Sem as entregas esperadas, a plenária final acabou servindo como ato de apoio à deputada federal Célia Xakriabá (PSOL-MG), que foi atingida pelas bombas lançadas por agentes de defesa em frente ao Congresso Nacional ao final da marcha que os indígenas fizeram pela Esplanada dos Ministérios.
“Fomos recebidos com repressão violenta por parte da Polícia Legislativa da Câmara dos Deputados e do Senado Federal e da Polícia Militar. Uma violência premeditada, já que no dia anterior um agente público disse em reunião: ‘Deixa descer. Se fizer bagunça, a gente mete o cacete’. Assim, mulheres, crianças, anciãos e lideranças tradicionais foram brutalmente atingidos por bombas de gás lacrimogêneo e spray de pimenta”, disse Karipuna ao ler a carta final do ATL.

“Entre as vítimas está a nossa deputada federal Célia Xakriabá, alvo de racismo e violência política. As forças de segurança, que deveriam proteger os povos indígenas, são as mesmas que nos assassinam em nossos territórios e ainda não concebem que indígenas possam ser eleitos para aldear o Congresso Nacional”, complementou.
A própria Célia também se manifestou na plenária, dizendo que “tentavam o tempo todo intimidá-la”. “Não é sobre mim, é sobre nós. Onde o povo indígena está, é onde a luta está”, afirmou. “Toda violência nunca é individual, é coletiva, sobretudo quando envolve o racismo.” Nesta sexta-feira (11), uma representação criminal no Supremo Tribunal Federal (STF) contra o governo do Distrito Federal e órgãos de Segurança Pública foi protocolada pela deputada.
Indígenas se sentem mais ouvidos, porém ainda precisam lutar por direitos
A maior conquista do ATL foi a criação da Comissão Internacional Indígena para garantir maior participação dos povos indígenas nas negociações da 30ª Conferência do Clima da ONU, a COP30, que será realizada em novembro, em Belém.
A comissão, anunciada nesta quinta (10), visa atender a uma demanda do movimento indígena brasileiro, que havia reivindicado a co-presidência da COP30. Como a conferência da ONU é um espaço de debate e negociação restrito aos governos nacionais, a co-presidência seria uma maneira de os povos indígenas influenciarem diretamente nas negociações.

No resto do acampamento, porém, não faltaram cobranças. Como as que foram ouvidas nesta sexta, pela manhã, pela ministra do Meio Ambiente e Mudança do Clima, Marina Silva, e pela presidente da Funai, Joenia Wapichana, que foram ao ATL lançar um edital de restauração florestal em terras indígenas.

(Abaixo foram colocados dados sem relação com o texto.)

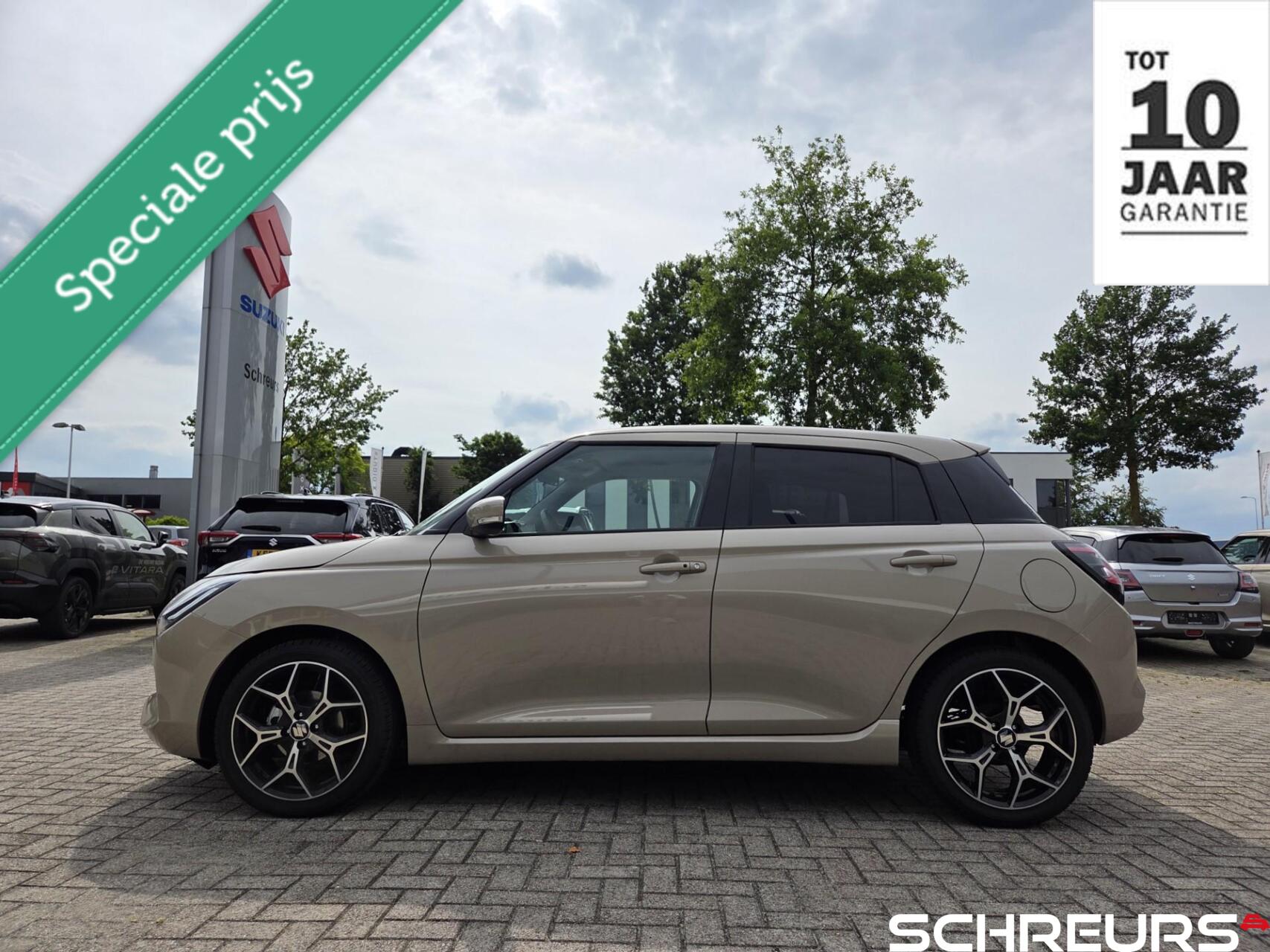 Foto van Suzuki Swift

“Vocês, mulheres, guerreiras, ouçam mais. Cobrem mais, porque nós estamos aqui para cobrar as nossas terras. Peitem o governo. Não tenham medo, porque vocês são mulheres da base, que vieram da terra, que vieram com o pé no chão”, disse Alessandra Korap, guerreira e uma das principais lideranças do povo Munduruku.
O momento, de diálogo público entre lideranças Munduruku e as autoridades do governo, diante de uma plateia composta por povos indígenas brasileiros e estrangeiros, ilustrou o contraste entre os avanços da relação dos povos indígenas com o atual governo federal e muitas das dificuldades que ainda existem.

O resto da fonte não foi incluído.